One weapon that design patent owners wield against competitors was weakened on December 6, 2016, by the decision in Samsung Electronics v. Apple, in which the Supreme Court reversed a judgment that Samsung Electronics pay Apple nearly $400 million in damages for design patent infringement. Samsung had been ordered to pay that amount as a measure of all its profits on early smartphones that used certain patented ornamental features of the original Apple iPhone. There was no dispute that other features of the products, including software features of those products, contributed to consumers’ purchasing decisions, but U.S. design patent law does not require the same apportionment of damages that is used when assessing damages in a utility patent case.
The U.S. has offered protection for ornamental designs that appear on only a part of an overall product or article. Liability for copying such a design feature cannot be avoided by changing other parts of the article, as may be the case in some countries.

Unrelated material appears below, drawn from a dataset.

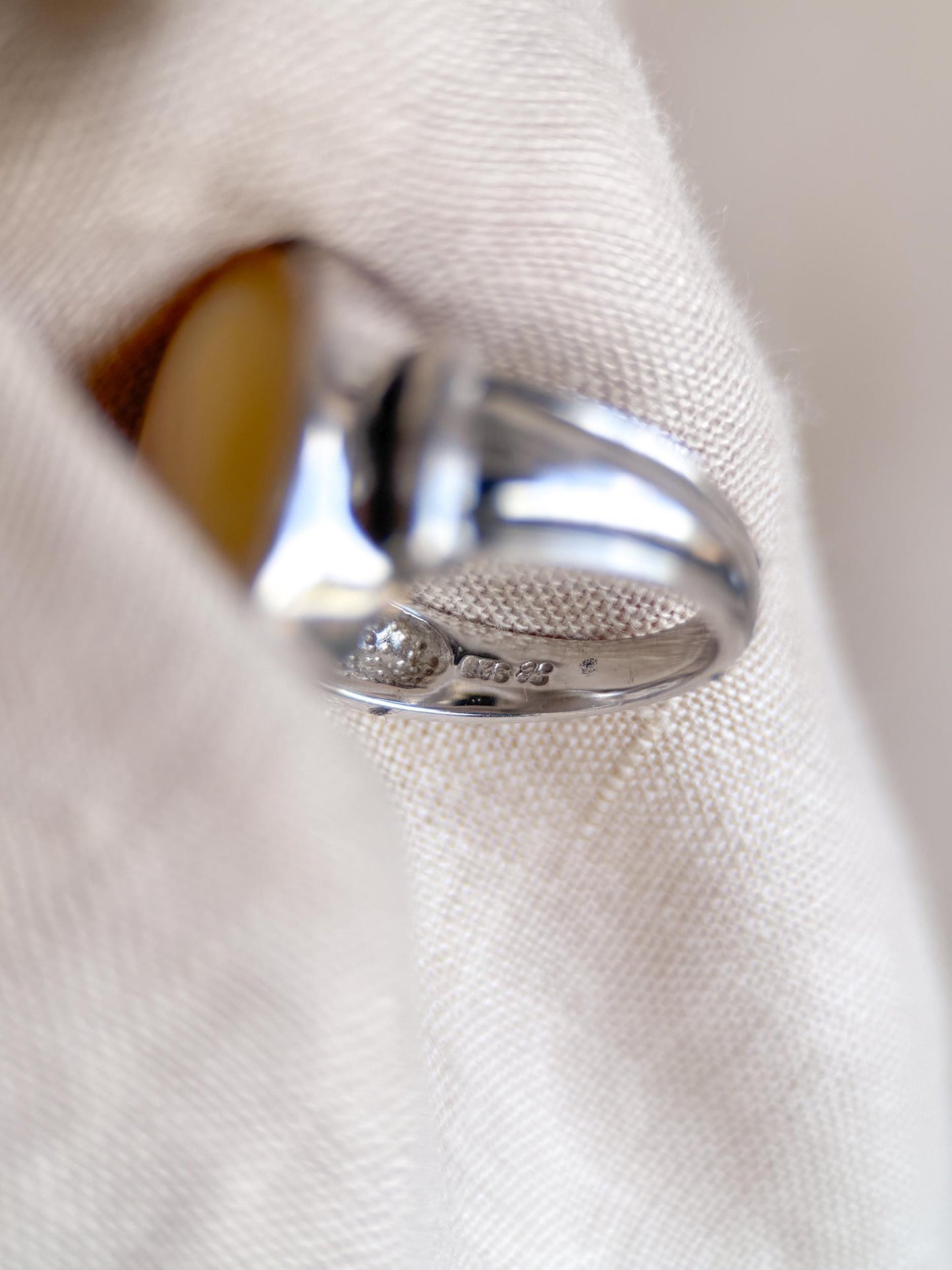 Vintage Mother of Pearl Ring, Sterling Silver Oval Bezel Statement Ring, Boho Everyday Jewelry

Consequently, a lamp maker that develops an ornamental design that it uses on the base of its lamps may be able to stop competitors from using that same base on lamps sold in the U.S., even if the competitor changes other parts of the lamp.

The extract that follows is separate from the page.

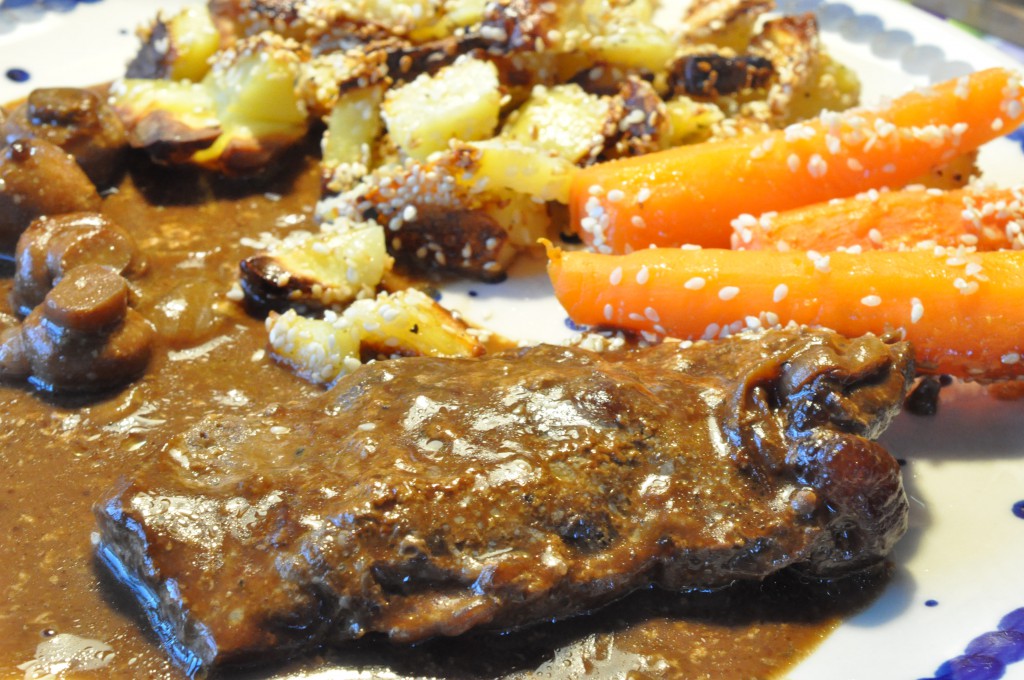 Sesamkartofler og pandestegte entrecotes i flødesauce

The U.S. statute says that the owner of an infringed design patent can recover, as damages, the defendant’s “total profit” from sale (or exposure) of the infringing “article.” In awarding nearly $400 million in damages, the U.S. Court of Appeals for the Federal Circuit had presumed that the “article” at issue was the entire smartphone and concluded that the statute precluded apportionment of Samsung’s Electronics’ profit on those phones to other factors.

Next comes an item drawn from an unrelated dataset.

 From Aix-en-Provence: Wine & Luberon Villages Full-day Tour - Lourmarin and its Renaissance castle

In the December 6th decision, the Supreme Court held that a different type of apportionment is possible in design cases, ruling that the portions of the smartphone that bear the claimed design can be construed as a separate “article” for damages purposes. The case will now be returned to the Federal Circuit for further consideration. The Court provided no guidance on how the Federal Circuit should decide whether particular elements of an overall article should be considered a separate article for purposes of design patent damages, and, if so, where the boundaries of that article should be drawn.